DRACULA v WOLF MAN at Old Trafford

ROY KEANE has left Old Trafford. Unceremoniously booted out by the waning but unforgiving Alex Ferguson, whatever the camouflage the club has placed round the decision. It is all too tempting to compare what has happened with what happened to David Beckham. Another arguably irreplaceable star turn, who was shuffled off to Real Madrid after he'd clashed with the implacably authoritarian Ferguson — `He' who must be obeyed, and must have his way even at the manifest expense of the club.

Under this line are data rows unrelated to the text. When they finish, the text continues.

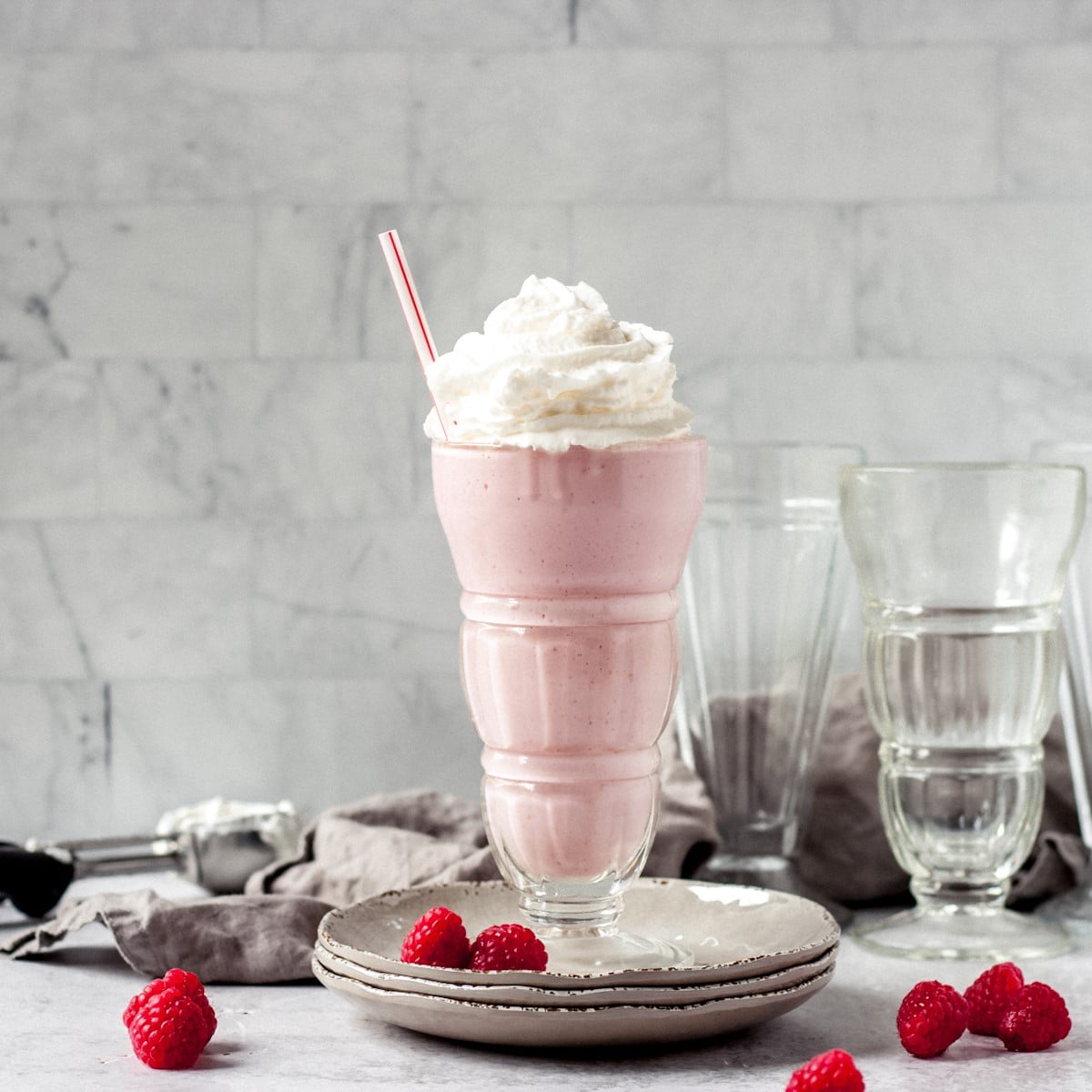 Raspberry milkshake in a glass on stacked plates with fresh raspberries.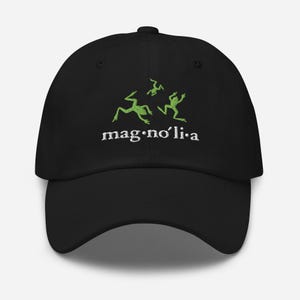 May include: Black baseball cap with embroidered green frog graphics and the word "mag·no'li·a" in white. The cap features a curved brim and an adjustable strap for a comfortable fit. A stylish accessory for casual wear.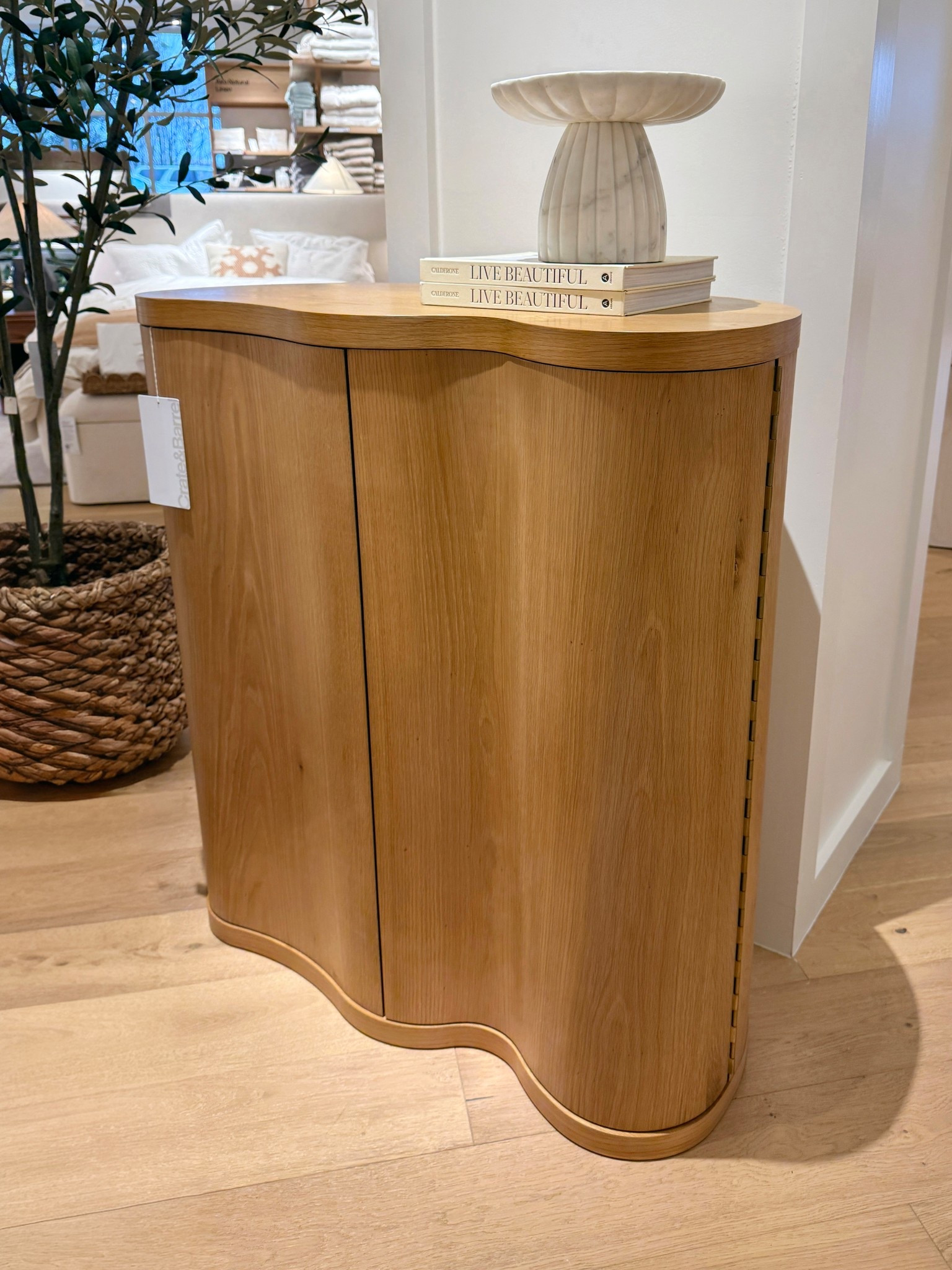 The Winslow Natural Oak Wood Bar Cabinet from Crate & Barrel features beautiful natural oak grain and a sculptural curved design that really stands out! 😍 The asymmetrical silhouette gives it a contemporary feel while still bringing warmth and texture to a space. Such a stylish piece for storing barware while adding a modern, elevated look to your living or dining area. Linked this cabinet and similar styles to shop! 🥂✨ #CrateAndBarrel #BarCabinet #ModernFurniture

#LTKHome #LTKSaleAlert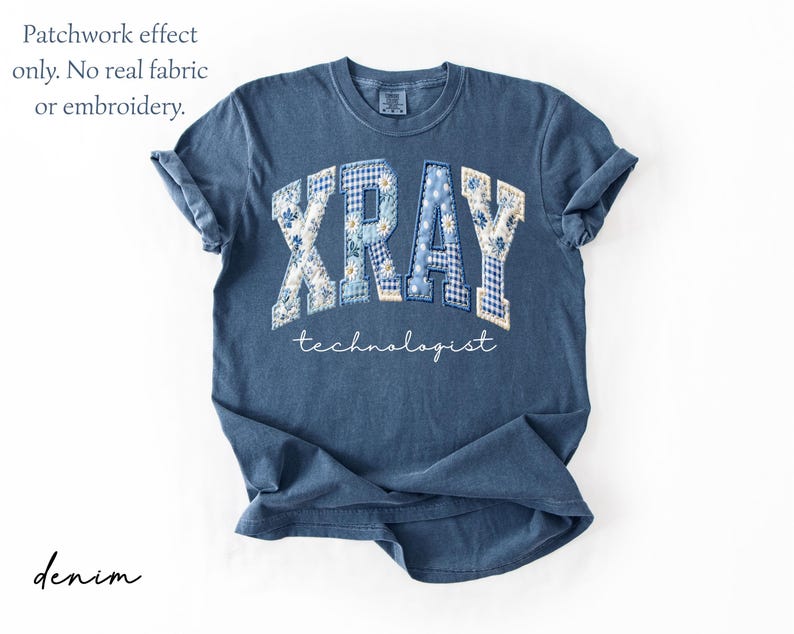 May include: Denim blue t-shirt with the word "XRAY" in a patchwork design, with floral and gingham patterns. The word "technologist" is written below in a script font. The shirt has rolled-up sleeves.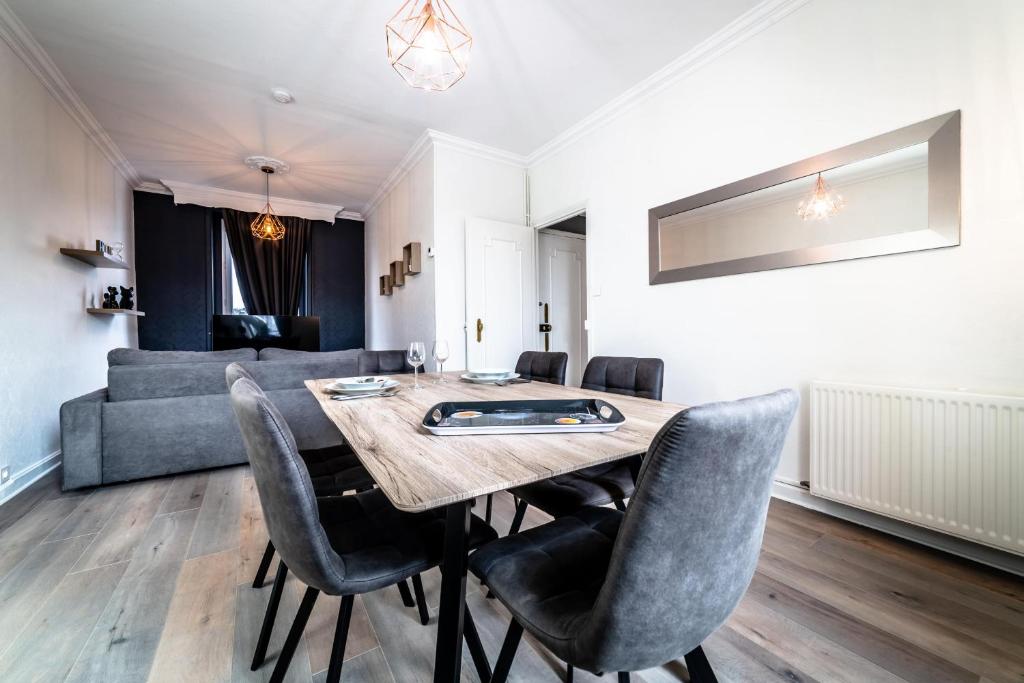 a dining room with a table and chairs and a couch at Le Centre Tenant Éternel - 3 suites in Brive-la-Gaillarde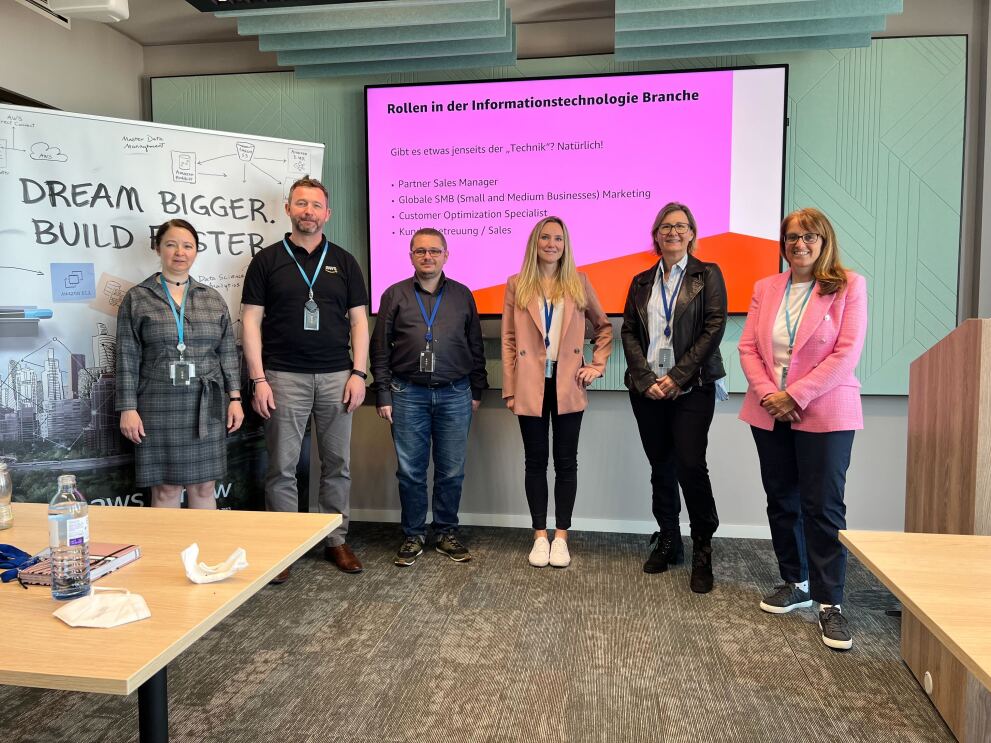 Gruppenbild des Teams von AWS beim Wiener Töchtertag 2022 vor einem Plakat mit der Aufschrift "Dream bigger. Build faster" und einer Leinwand mit der Aufschrift "Rollen in der Informationstechnologie Branche". Zu sehen sind Agnes Balaz, Alex Matai, Andreas Juffinger, Petra Wolf, Hildegard Kerschbaumer und Nina Michor.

Keane and Beckham, of course, are two radically different personalities. Keane is a rough hewn, violent, coarse-grained man, who comes from the back streets of Cork, the Irish city, son of a hard drinking father who exults in the prowess of his son. Beckham is altogether a milder, more civilised man, though he has occasional outbursts of temper and petulance. Notably and disastrously that moment in the 1998 World Cup in Saint Etienne when lying on the ground, he kicked out at the provocative Argentinian Diego Simeone and was sent off, thus condemning his England team to play all the way into the end of extra time with just 10 men. But he has none of the latent viciousness of Keane.

What has happened to Keane and United? Briefly, Fergie couldn't forgive him for his outburst on the club's closed circuit television, when he was asked to give his opinions on their recent disasters — a European Cup defeat in Lille and an abysmal 4-1 surrender away to Middlesbrough. Keane opened fire on the team, which, of course, had been without him and his galvanising presence in both the games.

He damned one player after another for his inadequacy, not least the young Scottish international Darren Fletcher who had been trying to take his place. At the apparent orders of Ferguson, that interview was never shown. But you have to ask yourself why it was ever scheduled in the first place. Keane ever ready to call a spade a spade or something worse, a self-driven perfectionist who never suffers fools or inadequates gladly was bound to deliver such a tirade.

There is an obvious analogy with what happened on a Japanese island shortly before the beginning of the 2002 World Cup. Keane was appalled by the primitive training conditions in a place noted chiefly for its casinos and its houses of ill fame; and he said so. He was then confronted by the team's manager, Mick McCarthy, but it was not a one-to-one meeting. McCarthy, whether foolishly or perhaps even by design, faced Keane in the presence of several of his teammates. A humiliated Keane let fly a torrent of abuse, and was accordingly sent home. So Ireland lost a crucial asset.

Beckham, of course, was the victim of the flying boot, propelled across the United dressing room by an incensed Fergie. It hit him and cut him on the forehead; for some days afterwards Beckham wore two crossed small strips of plaster as an implicit condemnation of Ferguson's behaviour. So it transpired that Fergie, never averse to cutting off his nose to spite his face, got rid of Beckham, selling him to Real Madrid the following summer. It meant the loss to United of Beckham's remarkable right-foot, with its deep crosses, potent free kicks, and shots from afar.

What was also lost was Beckham's enormous impact on United merchandising programme, especially in the Far East where he had attained an almost mythical status. Though Beckham failed to excel on the field for Real Madrid consistently, there is no doubt that he made them millions in sales of their impediments. United, by contrast, found their sales in the Far East falling steeply away.

Keane has done great things for United, never more so in the year they won the European Champions League. He was alas suspended from the final in Barcelona when they squeaked home in the final phases though they'd probably have won more easily had he been there. But it was his superb display against Juventus in Turin in the second leg semifinal that had surely got them to the final in the first place.

Keane's abrasive memoirs have sold a gigantic 300,000 copies; and they do him no favours. His encounters with the hapless Norwegian international midfielder Alf Inge Haaland show him at his violent worst. Things began in a match against Leeds United at Elland Road. Trying to foul Haaland, Keane succeeded only in severely injuring his own knee, putting him out of the game for months. Whose fault was that? Not Keane's, in his own estimation. What he perversely wanted was revenge and he brutally exacted it when he later came across poor Haaland at Old Trafford, hacking him to the ground and standing over him delivering a volley of obscenities. Haaland wouldn't play again though in fact it was his other knee rather than the one that Keane had attacked which subverted his career.

Keane is 34 years old now and clearly has lost much of his pace, can plainly no longer cover the ground as he did so impressively. But he remains a powerfully influential figure, an inspiration and a goad to his teammates, even if it is true that, to accommodate him, United have had to readjust their tactics, with an extra man in midfield.

As for Ferguson, his autocratic methods can endure only while the team succeeds. It still has enough talent to do so, but the moment of Ferguson's departure surely comes closer day by day. Hardly helped by the inadequacy of his Portuguese side-kick, Carlos Quieroz, who failed at Real Madrid and hardly seems to have the confidence of the players.

Meanwhile Dracula, you might say, has met the Wolf Man and won; a Pyrrhic victory.